Hugh Gaitskell became Britain’s Minister of Fuel and Power on October 7, 1947. Soon after taking that office, because there was an energy crisis, the minister told his countrymen and women to save fuel by reducing the number of baths they took. Gaitskell said: “personally, I have never had a great many baths myself, and I can assure those who are in the habit of having a great many that it does not make a great difference to their health if they have less.”

Winston Churchill, who had by then become the opposition leader, heard him and said no wonder the government smelt so badly. He replied Gaitskell on 28 October, 1947: “When ministers of the Crown speak like this on behalf of His Majesty’s government, the Prime Minister and his friends have no need to wonder why they are getting increasingly into bad odour.”

Nigeria is an unwashed country. It stinks. It needs deliverance but won’t get it. The fire we have on our mountain is uncontrollable and unquenchable. At least, it is not the type you kill with thunder claps of anger. Some people demolished their own Wall of Jericho with noise. In case you believe that story and think you can replicate it here, you are wrong. What Kenyans did on their streets and achieved in one day last week, you can not have here. We have enough shock-absorbers and fissions to take all shocks and frustrate all enemies of frustration.

You’ve lately been reading of unbelievable in-your-face sad acts of our democratic government. You’ve heard rumours of expenditures that you would pray were not true. You’ve been watching circus shows on a new minimum wage for public and private sector workers.

You watched the Kenyan parliament with its President William Ruto thoroughly whipped by their angry children. You wonder why our own king and his lawmakers are not as worried about all this as they are concerned about the purchase of new presidential jets. You’ve also been hearing sermons calling for more sacrifices from you, the people. You’ve wondered why it must be you who must always tighten your belt while the pilot eats to explosion.

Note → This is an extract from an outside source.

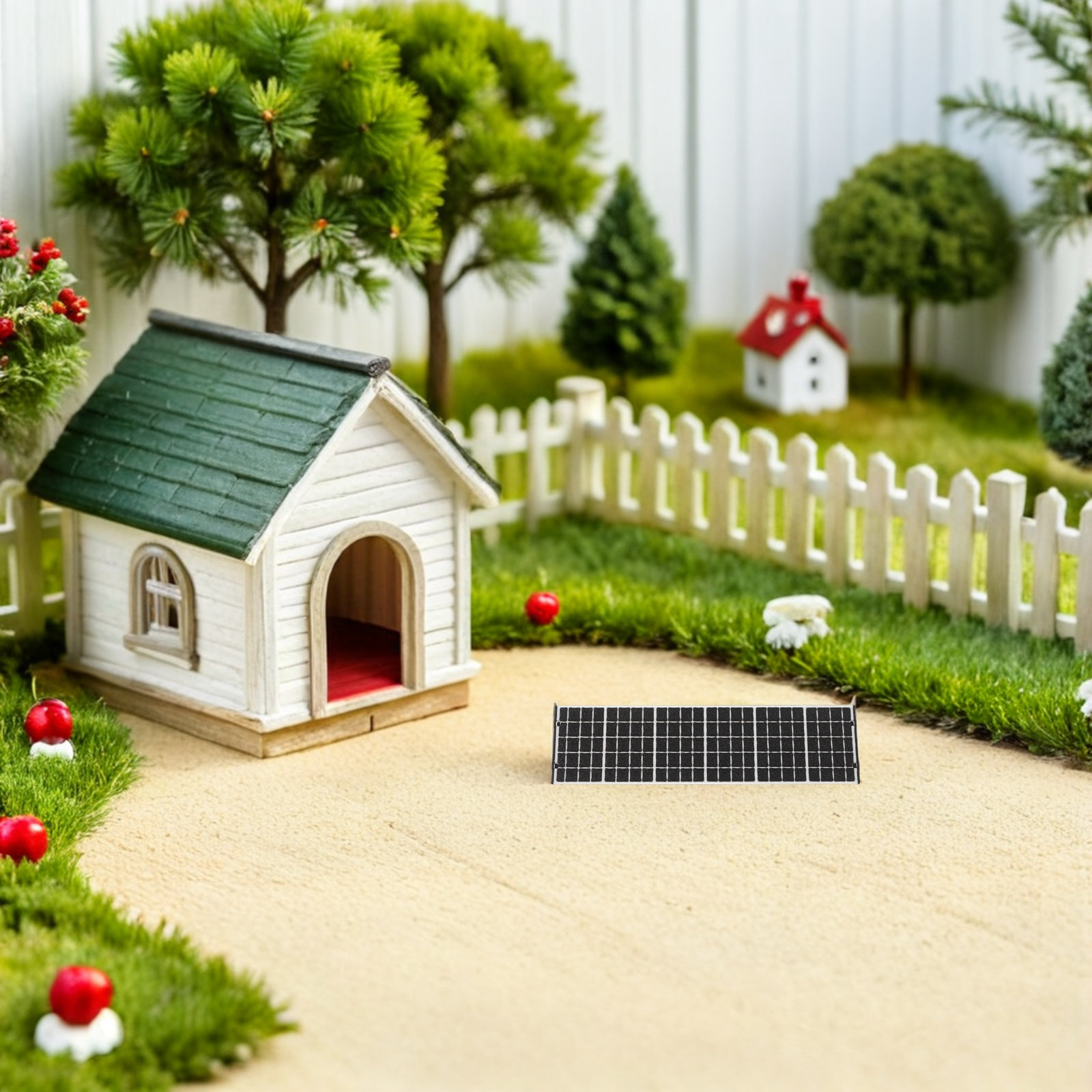 1:87 Miniaturowe panele słonec – Solar Panel recenzja i cena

You are hearing rumours of four budgets in one country by one government in one year. The government wants to operate, in 2024, the 2023 main and the 2023 supplementary budgets plus the 2024 budget while preparing another supplementary budget. You don’t understand? The government wants to eat yesterday’s pounded yam with today’s in addition to a supplementary one in preparation. It won’t matter that some projects and their votes are duplicated in the various budgets. They must appear in all the budgets because they are tagged ongoing. Money here (2024), funding there (2023) make the smart wealthier.

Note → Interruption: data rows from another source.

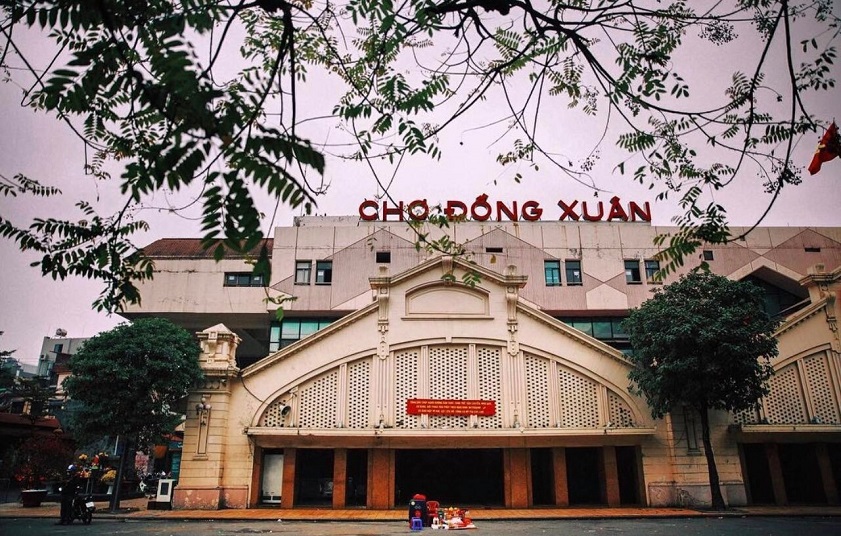 Chợ Đồng Xuân &#8211; Trung Tâm Thương Mại Sầm Uất Của Hà Nội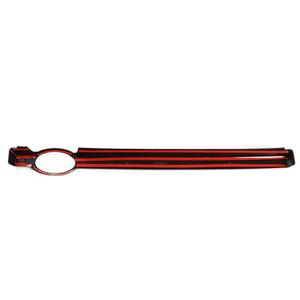 Black Front Grille Strip Trim Rod 20-23 Fits For Land Rover Defender 90 110 B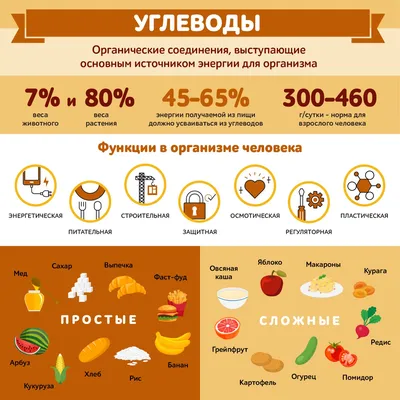 Что такое медленные углеводы: 🚩 список продуктов в которых содержатся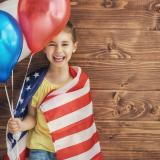 Au pair barn USA farver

Why are people quiet? What should they say and what will their talking amount to? Felix Adler (1851-1933) was a German-American professor of political and social ethics. In an address to the Society for Ethical Culture of New York on Sunday, 6 February, 1898, Adler spoke on what he called “the wisdom of mute lips”. In the speech entitled ‘The Moral Value of Silence’, he counseled that “reticence should be observed when the likelihood is wanting that what is said will have its due effect.” Those of us who write the ‘rubbish’ we write daily or weekly know that no one who should care really cares. We know that regime-backers’ passion for power or belly won’t let them accept the truth just as the regime won’t. But we also know that truth, even in silence, has its own unique way of asserting its supremacy no matter how long the night lasts.

So, let Kenyans of last week enjoy their Kenya of today. It is not our challenge. Our street is silent and withdrawn because it cannot believe that today has truly manifested itself in worse details than the horrible past. People who should be afraid of the people’s silence are not. They are happy that those who suffer suffer their deprivations in the quietude of their holes. You remember that city, Ègbin (the filthy) with its peculiar inhabitants, in D.O. Fagunwa’s Ogboju Ode ninu Igbo Irunmole. We can locate it in today’s Nigeria. The government has made itself smell so badly that no one wants to contest the soup pot with it. Its operatives can have everything – and they enjoy having everything. The filth and the ugliness of their character have won for them permanent residency in our vaults. It didn’t start today.

You must have come across an old August 11, 1956 newspaper story with the headline ‘Nigerian MPs’ pay.’ The story reads: “Chief (S.L.) Akintola, the official leader of the Opposition in the House of Representatives, described as a scandalous waste of public money a government motion providing for advances of £800 to each member of the House, except Ministers and Parliamentary Secretaries, to enable them to buy cars. The motion also provides for a consolidated travelling allowance of £140 a year for each member. The present salary of a member is £800 a year. Denouncing these measures, Chief Akintola said that the financial benefits accruing to members were unduly generous for their part-time service, compared with the whole-time members of the British House of Commons who were paid only £1,000 a year. He said many members had earned less than £300 a year before they became members of the House of Representatives.”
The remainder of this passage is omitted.